The phenomenological model, represented by Eq. (2), involves three distinct physical aspects of dislocation dynamics, namely the force experienced by the dislocation given a stress state, dissipative mechanisms resulting in drag, and thermal activation, each of these making a unique contribution. We model each aspect using a separate GNN as shown in Eq. (2) and train them altogether with a single loss function. Even though quantitatively isolating each process from the trained PI-GNN mobility law is challenging, the proposed framework still offers qualitative insights into their sensitivity and dependence on the input features. For instance, scaling both F-net and B-net by a constant factor does not alter the output. To resolve the identifiability issue arising from the linear constant factor, we compute the ratio of F-net over B-net, as well as other components of the PI-GNN mobility law, against various input features.

In Fig. 7a, we plot the output of F-net/B-net at different angles and applied stress levels. Despite the identifiability challenge, combining the outputs of both networks allows us to study their collective contributions to the prediction. With the increase of applied stress level, the predicted contributions to nodal displacement become larger as expected. For different angles representing edge, screw or mixed dislocations, the magnitude of the output is larger around 90° (i.e., edge dislocation), and small at 0° and 180° (i.e., screw dislocation), accurately capturing the well-known disparities in the mobility of screw and edge dislocations in BCC metals. An interesting observation is that the output is not symmetric with respect to 90° and is skewed toward larger angles. In Fig. 7b, the dependence of the combined F-net/B-net on temperatures is plotted. We observe that the increase in phonon drag with increasing temperature is also captured by the GNNs. It is important to note that the temperature-dependence of phonon drag is known to be stronger for edge-like dislocations17 and the GNN learns this behavior; as shown in Fig. 7b that the temperature-dependence is stronger close to 90° or edge dislocation as it is apparent from the GT MD data (see Supplementary Fig. 11 for dislocation velocities as a function of stress and temperature for screw, edge, and mixed configurations).

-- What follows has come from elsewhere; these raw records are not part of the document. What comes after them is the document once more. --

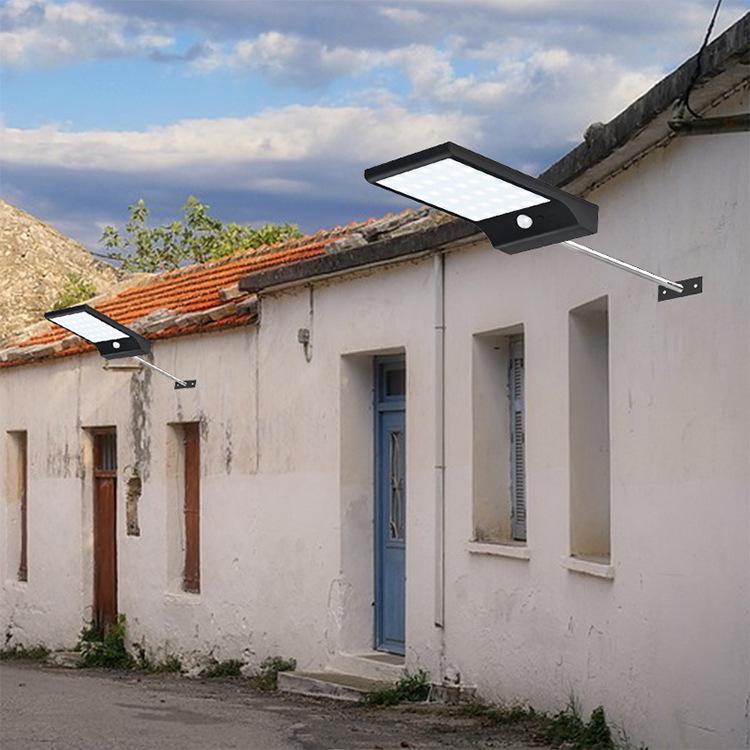 Solar Wall Light, Waterproof Outdoor Garden Lamp, Ultra-thin Black with Pole and Motion Sensor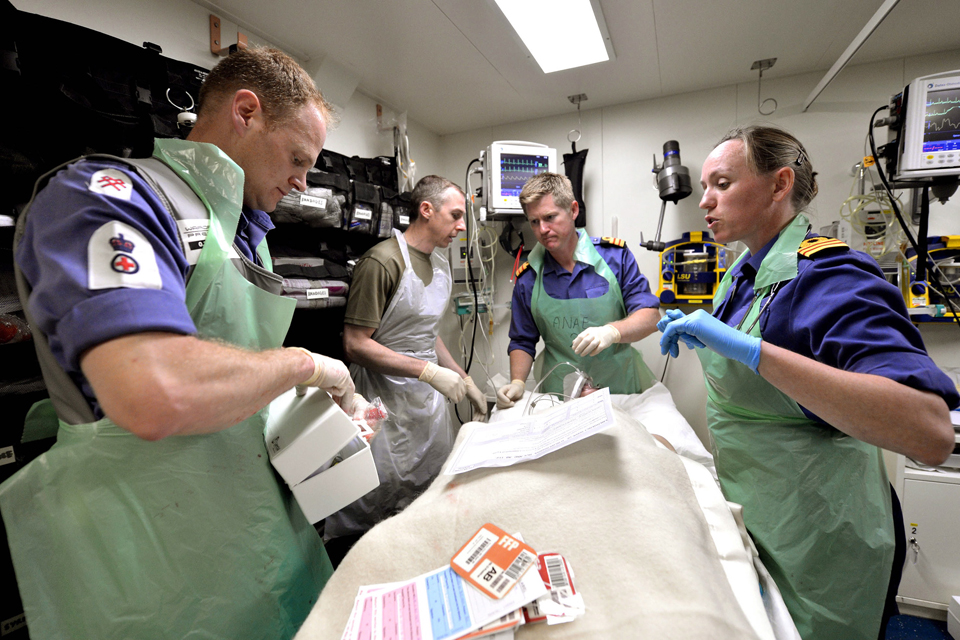 Left to right: Petty Officer (Naval Nurse) Scott Gilbert, RAF Flight Sergeant Ross Cairnie, Surgeon Commander Richard Heames and Surgeon Commander Catherine Doran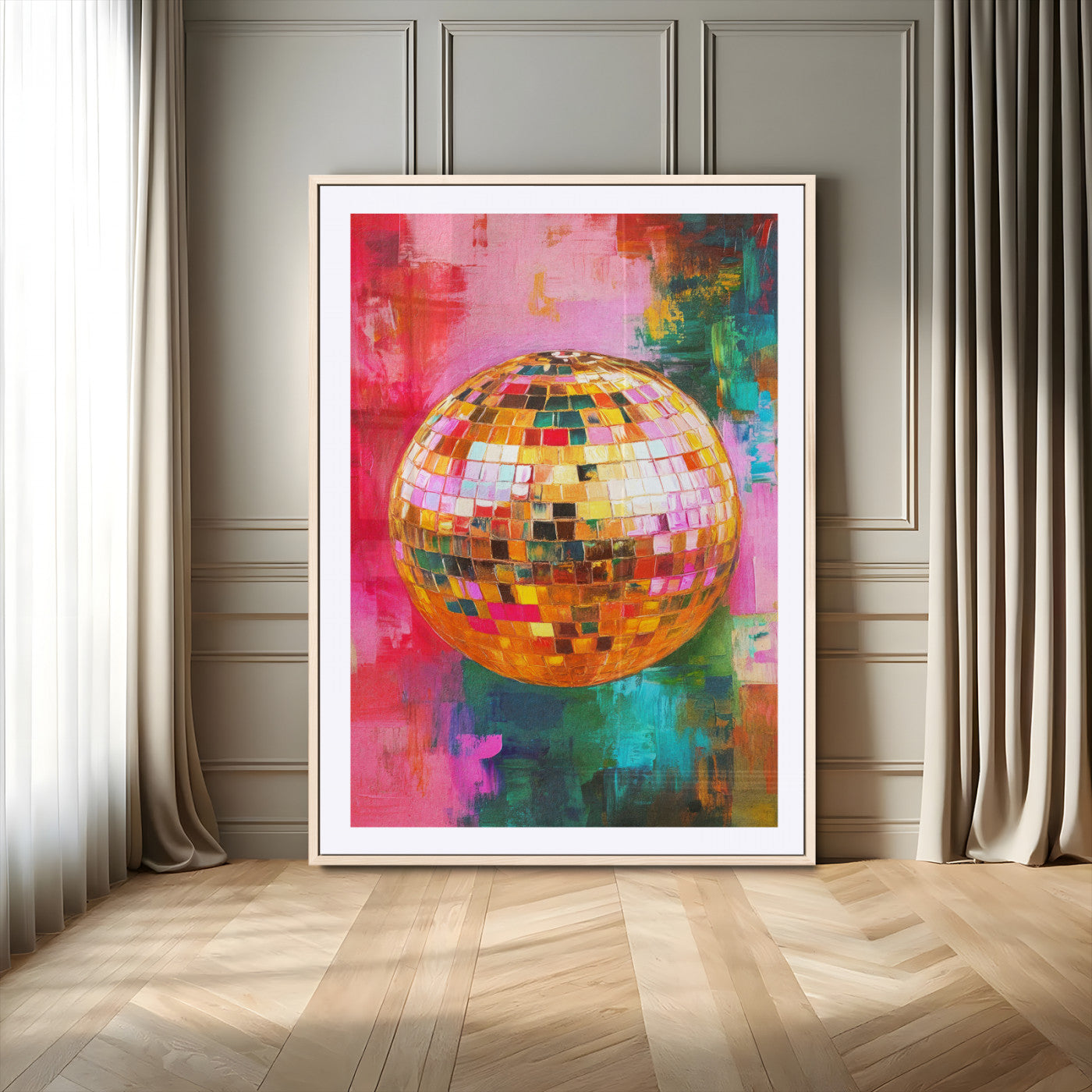 93291679-MGV-CV-24X36-Modern Wall Art – Golden Disco Ball Canvas Print, Colorful Abstract Pop Art Painting Decor for Bedroom, Living Room, Office, Music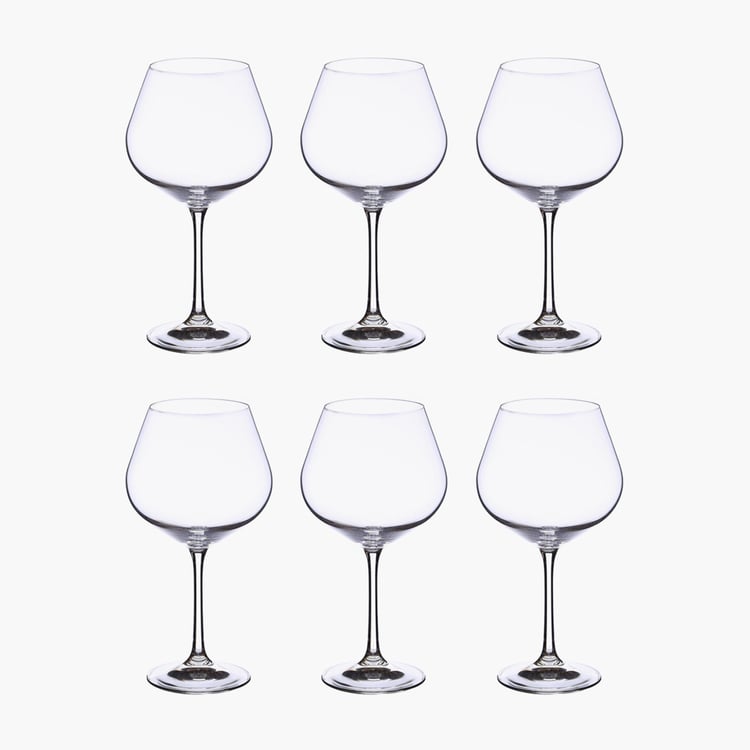 BOHEMIA CRYSTAL Viola Transparent Solid Crystal Wine Glass - 570ml - Set Of 6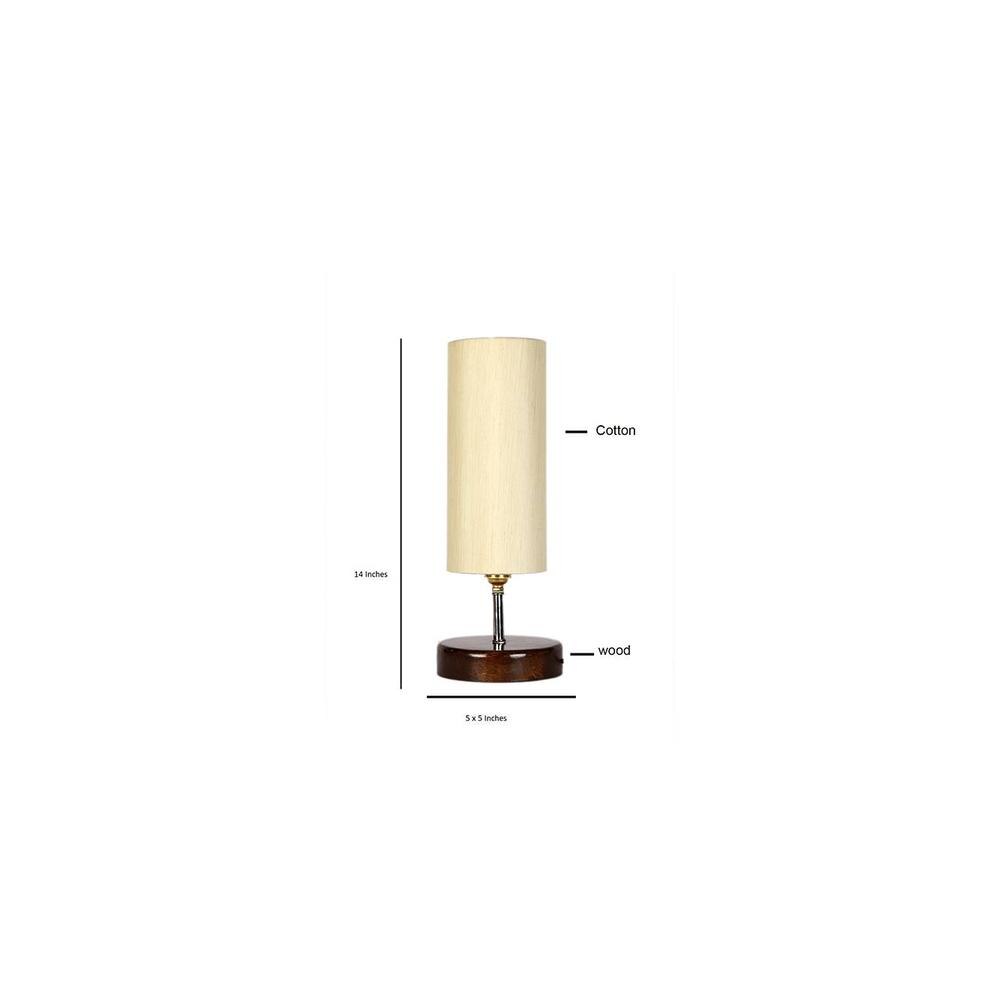 Wayne off-white cotton table lamp with brown wood base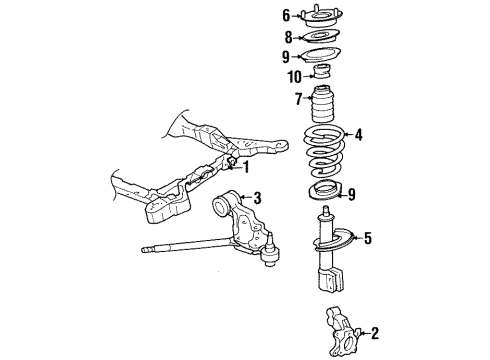 1992 Oldsmobile Toronado Front Suspension Components, Lower Control Arm, Stabilizer Bar Diagram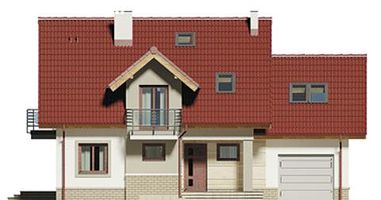 Передний фасад дома, Двухэтажный дом 13х11 - 160.65 м2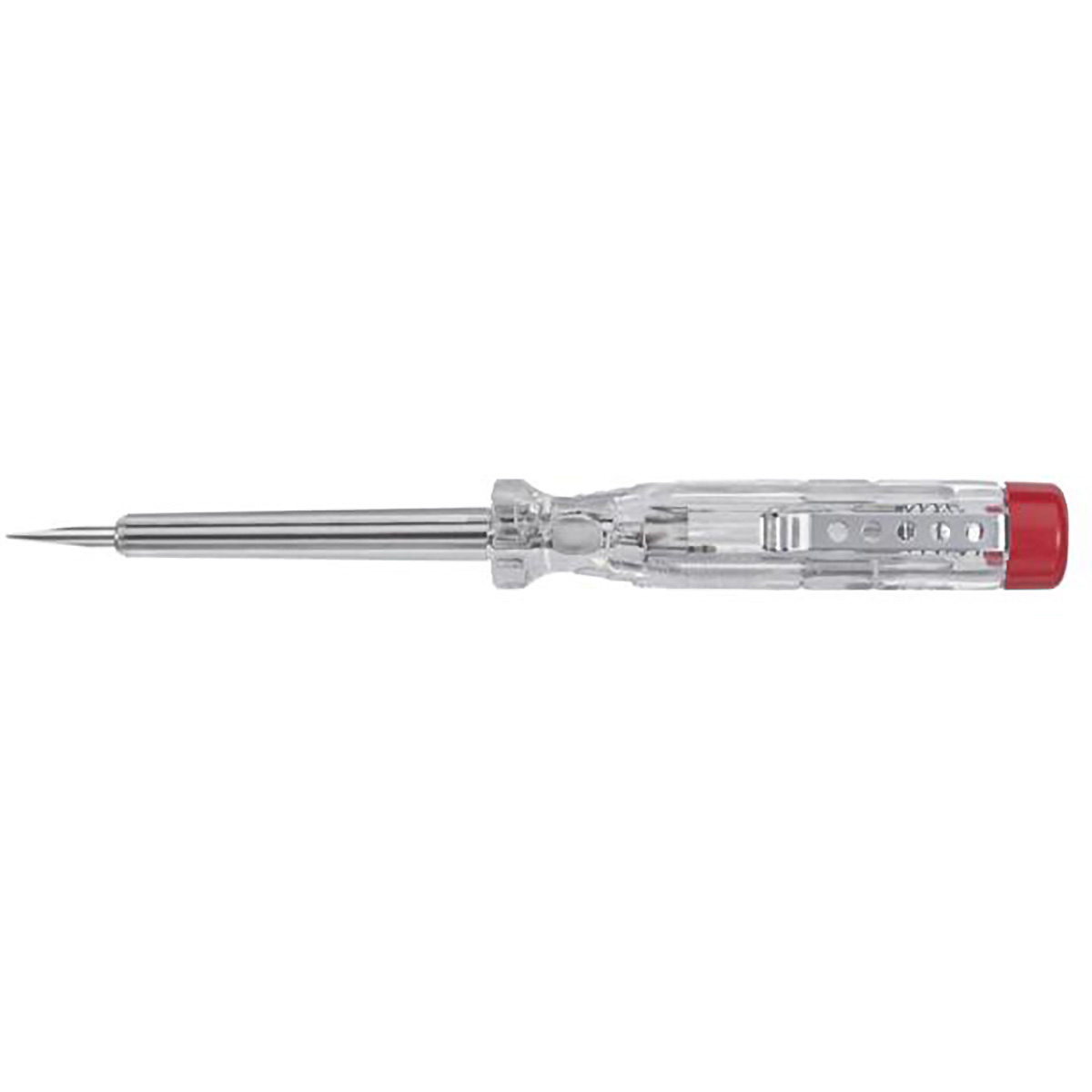 Wiha Spannungsprüfer 120-250 Volt Schlitz transparent, mit Ansteckclip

Fig. 7: Physics-informed interpretation of the three components of the PI-GNN mobility law.
figure 7

a Box plots of the \(\frac{{\bf{F}}}{{\bf{B}}}\) for different orientations, applied stress levels at 500 K. b Box plots of the \(\frac{{\bf{F}}}{{\bf{B}}}\) for different orientations, and different temperatures at 0.5 GPa. c Box plots of the E for different orientations, and different temperatures at 0.5 GPa. d Box plots of the total predicted displacement for different orientations, and different temperatures at 0.25 GPa.

Figure 7c illustrates the dependence of the contribution from E-net output on the dislocation orientations. We note that for screw dislocations, with angles(b, s) ≈ 0°, 180°, the PI-GNN mobility law qualitatively captures the comparatively higher activation energy, leading to lower output from the E-net. Conversely, at the mixed configurations, the E-net output becomes larger. In addition, we observe a cusp at 110°, predicting a reduced contribution from the E-net for that singular orientation. The combined output from all three networks in Fig. 7d shows that the PI-GNN mobility law is capable of predicting expected dependencies on temperatures and angles. For instance, the increased phonon drag from high temperatures causes the dislocation lines to move slower at some orientations. In the case of screw dislocations with a low applied stress level, the nodal displacement is dominated by thermal activation, which has a reversed order compared to other angles (see the inset in Fig. 7d). This is also apparent for the singular orientation at to 110°, where thermal activation dominates at low temperatures. Such cusps in dislocation mobility is known to be present in BCC metals19,22 due to singular dislocation orientations which move by kink nucleation and propagation. The predicted trends are aligned very well with what is observed in MD simulations (see Supplementary Fig. 10), demonstrating the accuracy of the PI-GNN mobility law and the ability of GNNs to learn complex dependence of dislocation mobility on different parameters.

Discussion

The central objective of this work is to provide a general, physics-informed data-driven framework for modeling the mobility law in discrete dislocation dynamics simulations autonomously from higher fidelity molecular dynamics data. When constructing the modeling framework, we focused on the following aspects: generalizability, interpretability, and uncertainty quantification. To achieve generalizability for the model, we adopt the flexible graph-based data structure to represent the dislocation network, which can be easily extended to dislocation configurations beyond those studied in this paper. We demonstrate that this framework is capable of learning many complex aspects of dislocation motion in BCC metals, such as highly anisotropic dislocation mobility between screw and edge configurations, cusps in dislocation mobility at singular line orientations, and temperature dependence of phonon drag. The interpretability of the proposed framework results from the physics-inspired structure of the PI-GNN mobility law and physics-informed feature engineering. We illustrate the interpretability of the proposed framework by analyzing learned components of the PI-GNN, which showed qualitative agreement with various physical aspects of dislocation mobility. Uncertainty quantification is built into the proposed framework to inform data selection from MD simulations for active learning, which is shown to significantly accelerate the development of PI-GNN mobility laws. We acknowledge that with the limited dataset used for training, this specific model may not perform well on large DDD simulations with complex configurations. However, the proposed uncertainty-driven AL, along with PI-GNN architecture will help accelerate the model development and refinement for complex configurations. We also expect the proposed framework to be beneficial when the dimensionality of the simulation parameters is even larger, e.g. for learning Non-Schmid effects in BCC.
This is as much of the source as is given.